The rumors were true. The U.S. Space Force is changing how it awards space launch contracts -- and for a certain segment of the space stock market, this is very good news indeed.

For the past six months, rumors have swirled about a major shakeup in the Space Force's National Security Space Launch (NSSL) program. Inaugurated in 2018 with $2.2 billion in government subsidies to design and build a fleet of new space rockets, then expanded in 2020 into a $5.5 billion launch procurement program funding rocket launches through 2027, NSSL is gearing up now to award billions of dollars of new "Phase 3" contracts for government space launch services.

Unlike in previous competitions, however, the new contracts will be divided into two "lanes," one for up-and-coming rocket launch companies like Rocket Lab (RKLB 0.27%), Virgin Orbit (VORB), and Blue Origin, and a second for big incumbent space launch providers such as SpaceX, Boeing (BA -2.87%) and Lockheed Martin (LMT -0.20%).

Lane 1: Calling new space companies

Space Force's emphasis on adding new space companies to its roster of launch providers can perhaps be detected in its decision to first draft a "request for proposals" (RFP) from these kinds of smaller providers.  

According to the first draft RFP, "Lane 1" of the NSSL Phase 3 competition will establish an umbrella value for contracts, which will then be awarded on an indefinite delivery, indefinite quantity (IDIQ) basis -- i.e., parceled out among multiple contractors on an as-needed basis. Space Force didn't say exactly how big this umbrella will be (how many millions or billions of dollars it will be worth). It did note, though, that the IDIQ award will run for five years, with the potential to be extended for five more years (a decade-long run in total), and that new defense contractors may be added to its library of contact contenders every year throughout the contract.  

This suggests that while Lane 1 will first be populated by smaller rocket companies that already have operational, flight-proven rockets -- such as Rocket Lab and Virgin Orbit, for example -- there's also the potential for companies still fine-tuning their rockets, such as ABL, Blue Origin, Firefly, and others, to join in the fun later on.

Lane 2: Round up the usual suspects

In contrast, Lane 2 is going to feel a lot more familiar. Just as in the last "Phase 2" contest, only two winners will populate Lane 2. And just as in Phase 2, their two contracts will be awarded for a five-year term.

The Lane 2 RFP speaks of "risk reduction" activities, "first-time missions of a specific space vehicle," and potential "new entrant" launch vehicles as well -- all suggestive of a free and open competition in which any space company can bid. Regardless, the fact that SpaceX and United Launch Alliance (the joint venture between Boeing and Lockheed) have vacuumed up national security space launch contracts for the better part of a decade makes it all but certain that these are the companies who will win the (only) two Lane 2 contracts available.

Again, at this early stage in the game, Space Force isn't saying how much Lane 2 will be worth.

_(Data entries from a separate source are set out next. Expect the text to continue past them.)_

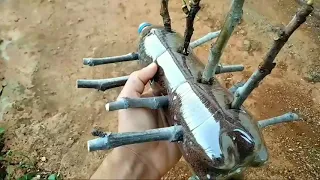 زراعة اقلام التين مع مروان منصور 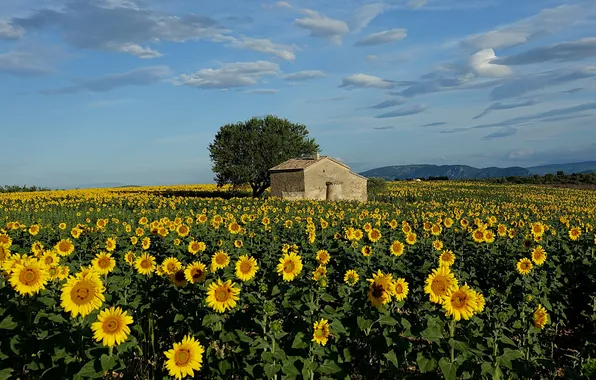 Field, summer, the sky, clouds, sunflowers, flowers, blue, tree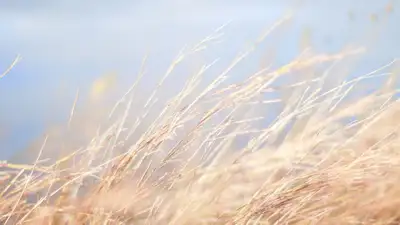 Порывистый ветер, дожди, грозы: прогноз погоды в Казахстане на 28 сентября , фото - Новости Zakon.kz от 27.09.2023 16:45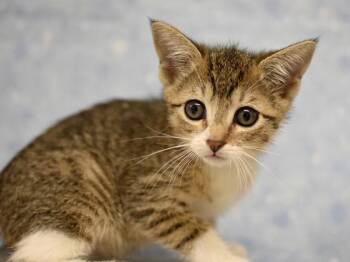 Haley -  Domestic Short Hair Cat for Adoption in Portland, Oregon - Haley | PetCurious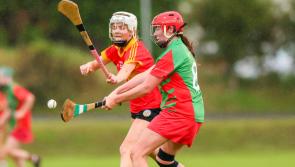CAMOGIE ROUND UP: Thurles Sarsfields reach first-ever senior semi-final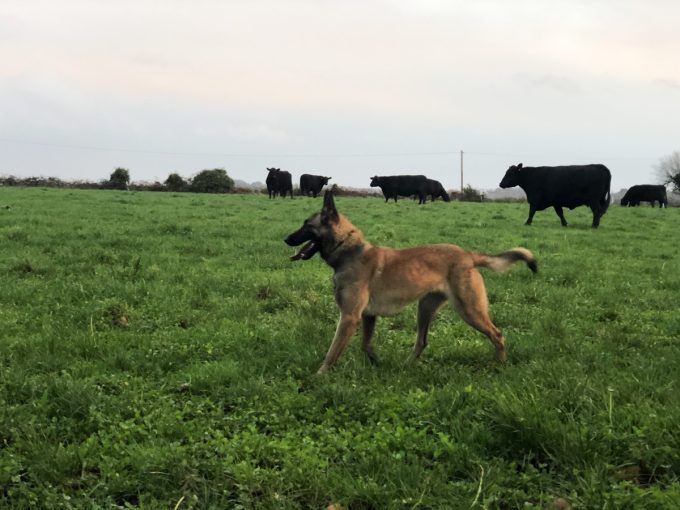 Le chien... et le troupeau de Black Angus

But if Phase 3 is anything like Phase 2, it's a safe bet the number will stretch well into the billions of dollars.

What happens next

As I say, NSSL Phase 3 is just starting to rev up, with a lot of details still uncertain -- and likely to remain uncertain for some time. Space Force won't even have its two RFPs in final form until the third quarter of this year. Furthermore, Space Force doesn't plan to announce the contract winners until the fourth quarter of 2024.

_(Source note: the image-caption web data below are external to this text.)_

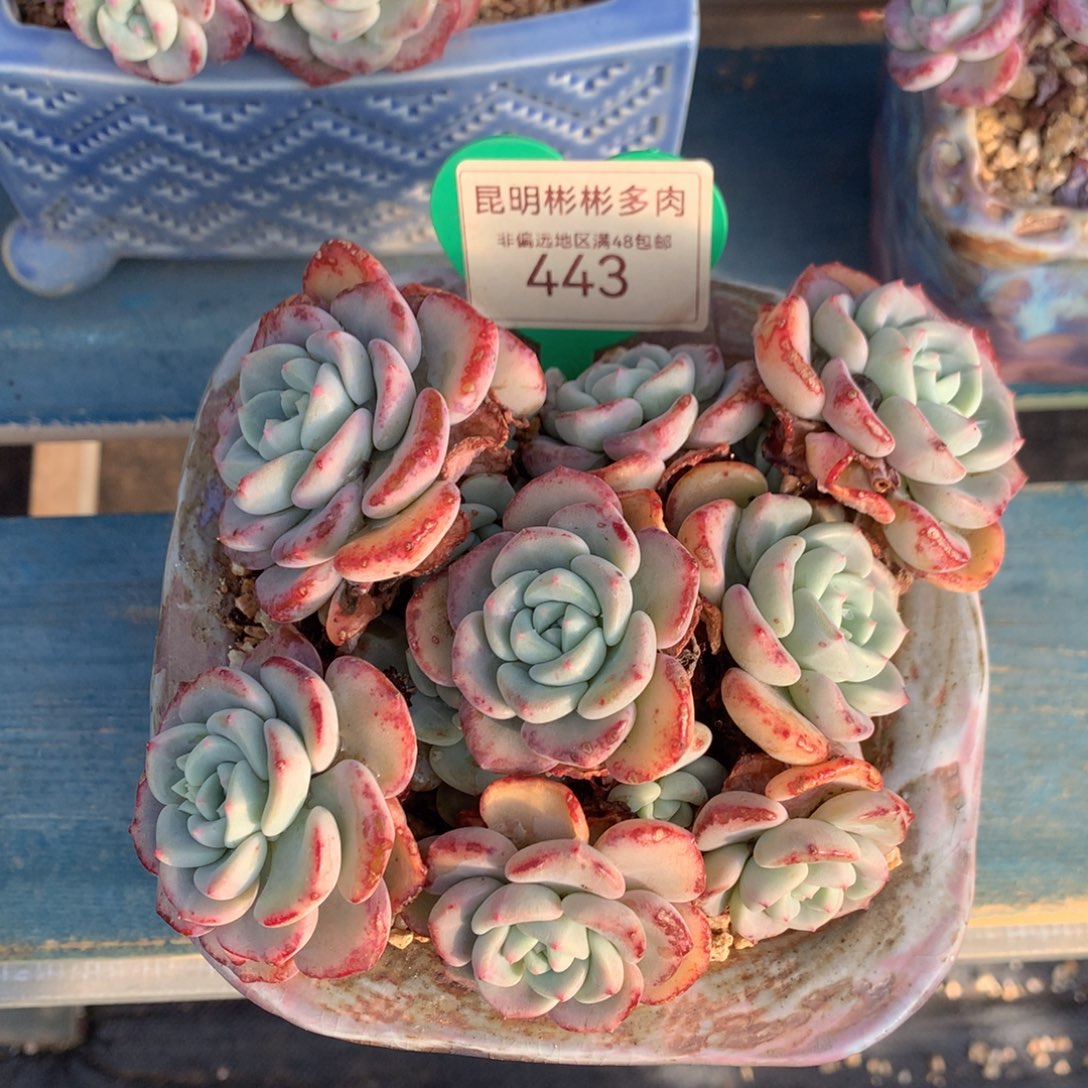 千山雪老桩无砍443
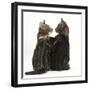 Tabby kittens, Picasso and Smudge, with paws on shoulders-Mark Taylor-Framed Photographic Print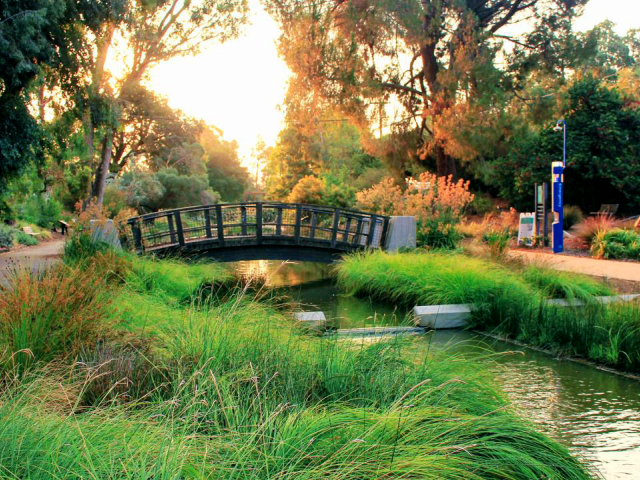 Person jogging along the path near a bridge in the arboretum.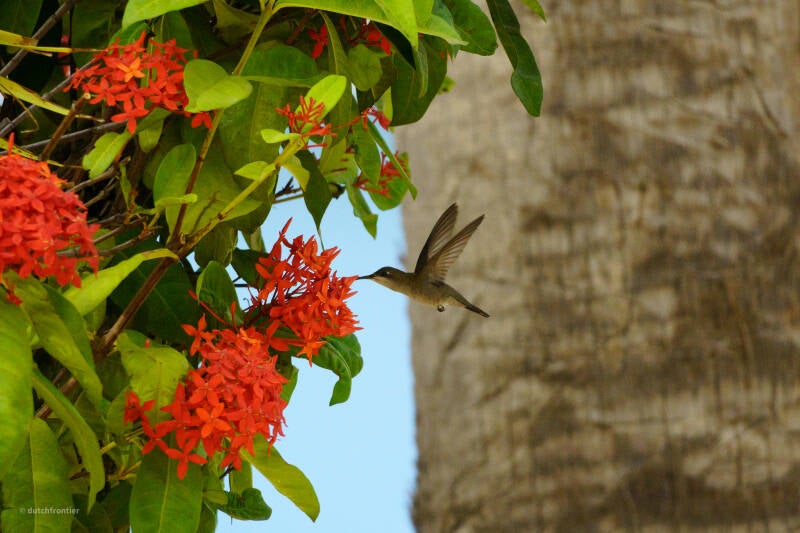 bonaire_2024-269-standard.jpg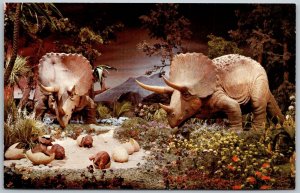 DISNEYLAND Anaheim California Postcard Primeval World Triceratops With Hatchling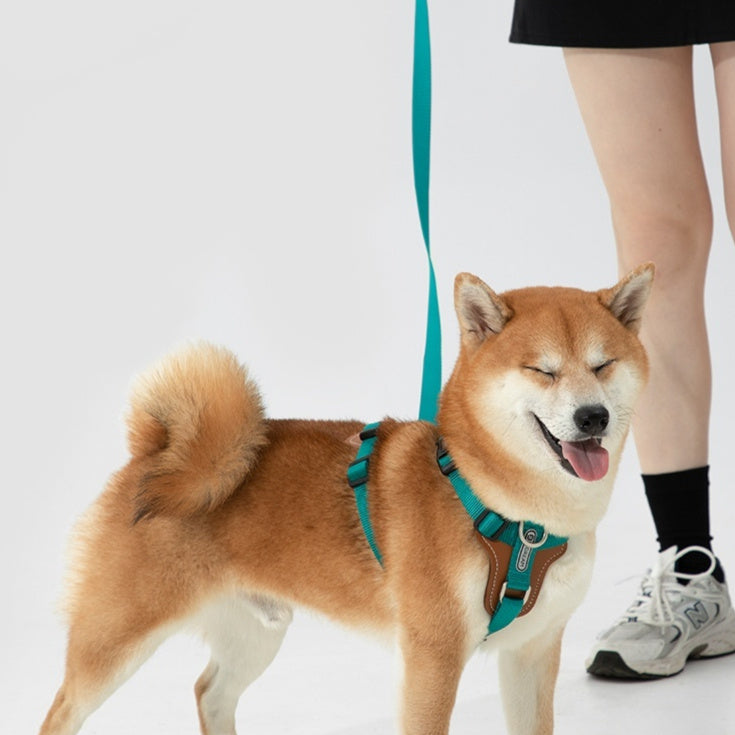 Multifunctional Explosion-proof Dog Leash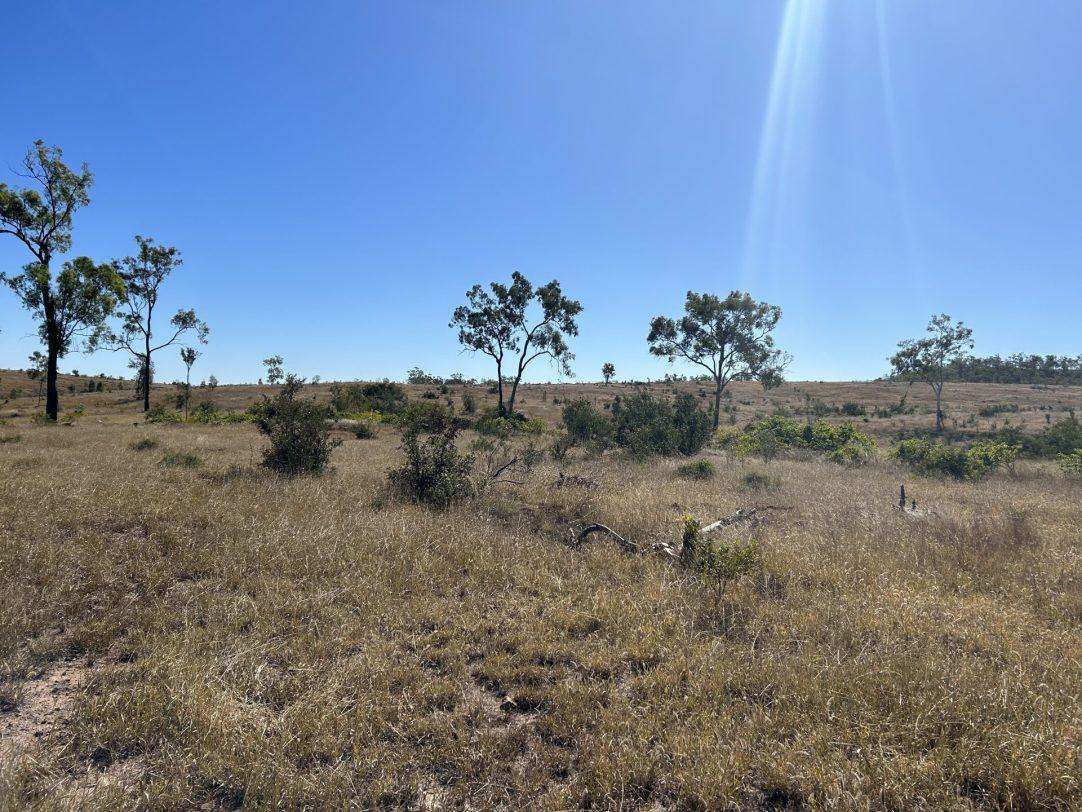 “Crystal Hills” , Duaringa For Sale by Farmbuy.com - image 16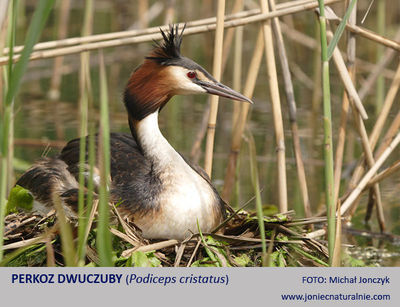Perkoz dwuczuby Perkoz dwuczuby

For investors, though, that's not necessarily a bad thing. With Lane 2's winners essentially a foregone conclusion, the real race, and the real opportunity for investors, lies in Lane 1. And there, procrastination may be the better part of profit. The longer Space Force waits to make its decisions, the longer Rocket Lab has to finish the development of its new Neutron launch vehicle, for example, and the longer Blue Origin has to finish its New Glenn rocket -- improving each company's ability to win a piece of the Lane 1 pie.

And, of course, it won't hurt if Space Force confines SpaceX and ULA to Lane 2, leaving Lane 1 wide open for new space companies to join. Long-term, this new approach that Space Force is pioneering should also help these new space companies find their stride, and grow their businesses, to a size where they can compete head-to-head with SpaceX and ULA in future launch contract contests.

Granted, more competition may ultimately mean lower profit margins for the incumbent space giants SpaceX and ULA. But it will mean lower costs for taxpayers -- and more opportunities for investors to invest in space.